Question

In World War II, there were several reported cases of airmen who jumped from their flaming airplanes with no parachute to escape certain death. Some fell about 20,000 feet (6000m), and some of them survived, with few life-threatening injuries. For these lucky pilots, the tree branches and snow drifts on the ground allowed their deceleration to be relatively small. If we assume that a pilot’s speed upon impact was 123 mph (54 m/s), then what was his deceleration? Assume that the trees and snow stopped him over a distance of3.0m.

Short answer

The deceleration was $-486\mathrm{m}/{\mathrm{s}}^2$.

Step-by-step solution

Stating given data

• Initial velocity, U =$\mathbf{54}\mathrm{m}/\mathrm{s}$.
• Final velocity, V =0.
• Height, D, at which the trees and the snow stopped the pilot = $\mathbf{3}.\mathbf{0}\mathbf{m}$.

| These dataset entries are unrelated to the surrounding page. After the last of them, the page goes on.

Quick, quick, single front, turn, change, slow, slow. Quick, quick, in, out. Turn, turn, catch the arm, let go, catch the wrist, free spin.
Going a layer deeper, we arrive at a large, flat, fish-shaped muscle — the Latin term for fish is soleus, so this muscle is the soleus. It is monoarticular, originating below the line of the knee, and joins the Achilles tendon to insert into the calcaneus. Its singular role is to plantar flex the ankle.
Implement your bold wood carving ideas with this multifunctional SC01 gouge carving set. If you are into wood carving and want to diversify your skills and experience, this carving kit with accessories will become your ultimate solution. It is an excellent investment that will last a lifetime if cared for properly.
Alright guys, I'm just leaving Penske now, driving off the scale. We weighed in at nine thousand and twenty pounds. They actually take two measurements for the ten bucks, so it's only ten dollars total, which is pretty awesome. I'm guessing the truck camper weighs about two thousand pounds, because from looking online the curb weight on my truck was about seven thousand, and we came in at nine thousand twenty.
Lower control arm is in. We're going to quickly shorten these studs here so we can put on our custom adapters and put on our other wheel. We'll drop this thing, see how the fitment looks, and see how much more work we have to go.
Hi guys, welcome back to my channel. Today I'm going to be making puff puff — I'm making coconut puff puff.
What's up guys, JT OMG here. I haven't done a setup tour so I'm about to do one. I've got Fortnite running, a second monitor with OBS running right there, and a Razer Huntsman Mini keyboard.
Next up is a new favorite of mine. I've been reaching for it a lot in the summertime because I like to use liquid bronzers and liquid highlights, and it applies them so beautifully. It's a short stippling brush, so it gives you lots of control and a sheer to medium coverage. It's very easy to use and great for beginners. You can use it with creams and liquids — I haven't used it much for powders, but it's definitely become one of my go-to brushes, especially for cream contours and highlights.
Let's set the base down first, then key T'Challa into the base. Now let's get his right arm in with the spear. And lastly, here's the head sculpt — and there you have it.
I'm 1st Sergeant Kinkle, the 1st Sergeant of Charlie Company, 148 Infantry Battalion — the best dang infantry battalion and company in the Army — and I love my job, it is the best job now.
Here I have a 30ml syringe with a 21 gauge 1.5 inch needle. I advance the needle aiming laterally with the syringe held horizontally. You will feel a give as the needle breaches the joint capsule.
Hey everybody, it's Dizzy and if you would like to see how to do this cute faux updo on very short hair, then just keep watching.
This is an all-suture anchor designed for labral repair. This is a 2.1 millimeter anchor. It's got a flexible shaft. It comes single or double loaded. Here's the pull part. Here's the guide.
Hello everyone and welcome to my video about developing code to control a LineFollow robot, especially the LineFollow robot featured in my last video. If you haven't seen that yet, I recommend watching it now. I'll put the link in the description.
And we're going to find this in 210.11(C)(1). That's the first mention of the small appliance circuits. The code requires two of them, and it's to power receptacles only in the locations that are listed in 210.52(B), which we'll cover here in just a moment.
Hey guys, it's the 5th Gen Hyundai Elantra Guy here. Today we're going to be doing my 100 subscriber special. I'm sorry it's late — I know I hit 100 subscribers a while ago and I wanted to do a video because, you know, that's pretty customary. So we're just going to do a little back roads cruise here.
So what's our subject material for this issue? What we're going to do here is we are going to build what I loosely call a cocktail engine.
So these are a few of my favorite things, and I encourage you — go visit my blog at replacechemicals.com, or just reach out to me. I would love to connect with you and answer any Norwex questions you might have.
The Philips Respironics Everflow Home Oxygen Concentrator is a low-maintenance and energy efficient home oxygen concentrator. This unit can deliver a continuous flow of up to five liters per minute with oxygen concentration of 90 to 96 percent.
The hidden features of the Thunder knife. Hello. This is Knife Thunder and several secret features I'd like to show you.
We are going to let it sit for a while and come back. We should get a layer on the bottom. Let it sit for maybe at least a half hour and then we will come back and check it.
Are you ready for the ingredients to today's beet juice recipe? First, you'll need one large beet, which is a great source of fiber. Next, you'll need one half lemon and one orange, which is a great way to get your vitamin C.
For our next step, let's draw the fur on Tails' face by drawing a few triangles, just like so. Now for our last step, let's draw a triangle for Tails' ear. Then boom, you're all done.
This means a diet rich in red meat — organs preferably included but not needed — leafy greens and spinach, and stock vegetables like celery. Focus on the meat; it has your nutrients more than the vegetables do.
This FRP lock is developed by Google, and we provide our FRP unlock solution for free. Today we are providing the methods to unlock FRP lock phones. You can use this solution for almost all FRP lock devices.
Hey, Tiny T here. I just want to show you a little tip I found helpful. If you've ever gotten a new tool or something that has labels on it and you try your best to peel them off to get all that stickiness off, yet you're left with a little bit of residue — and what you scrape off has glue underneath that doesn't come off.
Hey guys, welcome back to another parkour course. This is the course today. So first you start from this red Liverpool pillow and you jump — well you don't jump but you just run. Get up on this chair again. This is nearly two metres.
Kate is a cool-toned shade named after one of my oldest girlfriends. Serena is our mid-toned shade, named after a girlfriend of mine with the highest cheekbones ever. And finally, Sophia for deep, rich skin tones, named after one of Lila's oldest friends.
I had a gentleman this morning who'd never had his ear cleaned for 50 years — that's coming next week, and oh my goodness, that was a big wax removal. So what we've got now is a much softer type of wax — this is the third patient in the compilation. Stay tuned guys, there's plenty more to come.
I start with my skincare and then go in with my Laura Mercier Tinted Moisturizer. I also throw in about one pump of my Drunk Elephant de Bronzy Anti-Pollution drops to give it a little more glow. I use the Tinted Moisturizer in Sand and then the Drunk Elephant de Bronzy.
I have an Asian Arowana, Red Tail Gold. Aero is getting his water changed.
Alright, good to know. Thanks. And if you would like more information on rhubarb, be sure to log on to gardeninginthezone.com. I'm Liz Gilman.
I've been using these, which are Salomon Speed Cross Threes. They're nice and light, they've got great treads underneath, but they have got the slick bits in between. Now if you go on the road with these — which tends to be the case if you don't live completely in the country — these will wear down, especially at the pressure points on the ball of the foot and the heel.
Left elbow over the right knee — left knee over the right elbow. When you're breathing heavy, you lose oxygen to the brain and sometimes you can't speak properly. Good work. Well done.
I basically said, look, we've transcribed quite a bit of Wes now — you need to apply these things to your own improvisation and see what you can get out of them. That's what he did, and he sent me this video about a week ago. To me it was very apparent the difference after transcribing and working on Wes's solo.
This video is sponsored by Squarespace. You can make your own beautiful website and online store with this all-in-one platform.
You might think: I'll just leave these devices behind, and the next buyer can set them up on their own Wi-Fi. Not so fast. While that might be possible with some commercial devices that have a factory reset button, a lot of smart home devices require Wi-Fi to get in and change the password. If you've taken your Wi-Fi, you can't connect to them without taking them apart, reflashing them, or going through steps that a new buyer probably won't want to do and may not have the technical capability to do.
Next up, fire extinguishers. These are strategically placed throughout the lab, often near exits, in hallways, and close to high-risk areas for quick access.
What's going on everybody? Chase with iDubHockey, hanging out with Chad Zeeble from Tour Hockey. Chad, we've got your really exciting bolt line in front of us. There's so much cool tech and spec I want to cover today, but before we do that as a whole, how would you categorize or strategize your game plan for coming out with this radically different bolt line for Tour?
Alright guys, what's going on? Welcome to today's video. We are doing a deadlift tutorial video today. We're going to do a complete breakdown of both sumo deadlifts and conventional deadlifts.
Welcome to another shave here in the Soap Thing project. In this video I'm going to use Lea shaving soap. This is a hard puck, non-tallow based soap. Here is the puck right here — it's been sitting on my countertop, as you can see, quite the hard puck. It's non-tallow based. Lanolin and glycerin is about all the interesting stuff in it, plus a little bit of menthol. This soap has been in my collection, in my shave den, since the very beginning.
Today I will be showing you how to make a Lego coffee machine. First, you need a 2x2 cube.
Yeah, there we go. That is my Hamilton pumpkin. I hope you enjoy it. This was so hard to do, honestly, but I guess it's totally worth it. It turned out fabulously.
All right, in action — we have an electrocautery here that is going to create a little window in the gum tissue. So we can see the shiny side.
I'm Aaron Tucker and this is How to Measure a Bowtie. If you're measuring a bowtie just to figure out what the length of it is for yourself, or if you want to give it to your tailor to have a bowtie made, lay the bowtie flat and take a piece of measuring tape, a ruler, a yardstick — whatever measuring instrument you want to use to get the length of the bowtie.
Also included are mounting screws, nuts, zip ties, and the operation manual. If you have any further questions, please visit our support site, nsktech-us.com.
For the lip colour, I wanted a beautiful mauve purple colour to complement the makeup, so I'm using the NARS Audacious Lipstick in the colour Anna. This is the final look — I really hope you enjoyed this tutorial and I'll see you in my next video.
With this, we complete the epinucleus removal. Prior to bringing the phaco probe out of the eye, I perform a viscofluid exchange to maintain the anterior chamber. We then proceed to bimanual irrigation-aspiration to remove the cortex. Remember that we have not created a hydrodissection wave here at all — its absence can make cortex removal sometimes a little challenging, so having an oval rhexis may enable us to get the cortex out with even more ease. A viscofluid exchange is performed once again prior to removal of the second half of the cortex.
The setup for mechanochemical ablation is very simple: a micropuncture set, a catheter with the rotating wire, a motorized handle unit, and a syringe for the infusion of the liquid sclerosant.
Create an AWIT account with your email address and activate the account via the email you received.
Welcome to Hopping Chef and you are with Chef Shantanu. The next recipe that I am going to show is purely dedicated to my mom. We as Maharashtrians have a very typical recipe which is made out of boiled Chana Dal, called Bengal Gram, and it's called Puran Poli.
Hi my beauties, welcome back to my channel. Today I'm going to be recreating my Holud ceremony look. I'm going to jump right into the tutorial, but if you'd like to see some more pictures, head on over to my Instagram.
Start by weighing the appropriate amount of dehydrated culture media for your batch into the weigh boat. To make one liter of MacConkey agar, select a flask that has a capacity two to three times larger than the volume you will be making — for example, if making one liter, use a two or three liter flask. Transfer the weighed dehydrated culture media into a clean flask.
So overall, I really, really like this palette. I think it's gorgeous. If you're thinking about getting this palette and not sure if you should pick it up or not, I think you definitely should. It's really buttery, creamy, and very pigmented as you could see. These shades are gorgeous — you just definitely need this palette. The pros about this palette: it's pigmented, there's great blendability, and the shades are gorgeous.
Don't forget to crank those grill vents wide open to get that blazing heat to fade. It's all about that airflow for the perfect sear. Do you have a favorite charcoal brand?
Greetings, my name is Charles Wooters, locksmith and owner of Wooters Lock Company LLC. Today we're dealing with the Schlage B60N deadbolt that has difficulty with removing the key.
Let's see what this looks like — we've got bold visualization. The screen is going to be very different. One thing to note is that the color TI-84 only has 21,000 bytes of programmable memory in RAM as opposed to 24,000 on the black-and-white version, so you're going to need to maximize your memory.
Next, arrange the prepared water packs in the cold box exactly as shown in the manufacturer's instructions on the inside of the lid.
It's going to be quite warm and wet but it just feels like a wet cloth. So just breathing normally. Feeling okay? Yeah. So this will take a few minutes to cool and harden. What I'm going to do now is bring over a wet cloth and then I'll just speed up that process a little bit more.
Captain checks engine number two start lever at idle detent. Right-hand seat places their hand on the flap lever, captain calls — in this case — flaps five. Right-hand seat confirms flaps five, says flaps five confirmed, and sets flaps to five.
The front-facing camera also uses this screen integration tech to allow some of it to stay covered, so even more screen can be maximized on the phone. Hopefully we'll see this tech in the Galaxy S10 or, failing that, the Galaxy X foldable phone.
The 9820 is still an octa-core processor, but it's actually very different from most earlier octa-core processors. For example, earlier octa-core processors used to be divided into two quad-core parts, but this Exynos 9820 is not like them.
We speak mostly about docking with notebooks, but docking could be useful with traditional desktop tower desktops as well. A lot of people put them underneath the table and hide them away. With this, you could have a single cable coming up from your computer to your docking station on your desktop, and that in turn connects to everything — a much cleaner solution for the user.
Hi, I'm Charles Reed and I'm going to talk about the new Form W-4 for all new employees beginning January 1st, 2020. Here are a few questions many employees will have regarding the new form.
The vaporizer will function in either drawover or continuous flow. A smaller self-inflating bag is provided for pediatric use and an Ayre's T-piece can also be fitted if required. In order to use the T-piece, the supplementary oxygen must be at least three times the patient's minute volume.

Calculation of deceleration of pilot

The velocity decreases; hence it is a case of deceleration.

When there is a change in the velocity, whether it is due to change in magnitude or direction, we can calculate the acceleration from the equation of motion as

$V^2-U^2=2ad$

Here V is the final velocity, U is the initial velocity, a is the acceleration, and d is the distance that was covered to achieve the final velocity.

Substituting the values in the above expression, we get

$\begin{array}{c}(0{)}^2-(54{)}^2=2\times (3)\times a\\ -2916=2\times (3)\times a\\ a=\frac{-2916}{6}\\ a=-486\mathrm{m}/{\mathrm{s}}^2\end{array}$

Hence the deceleration is$-\mathbf{486}\mathrm{m}/{\mathrm{s}}^2$.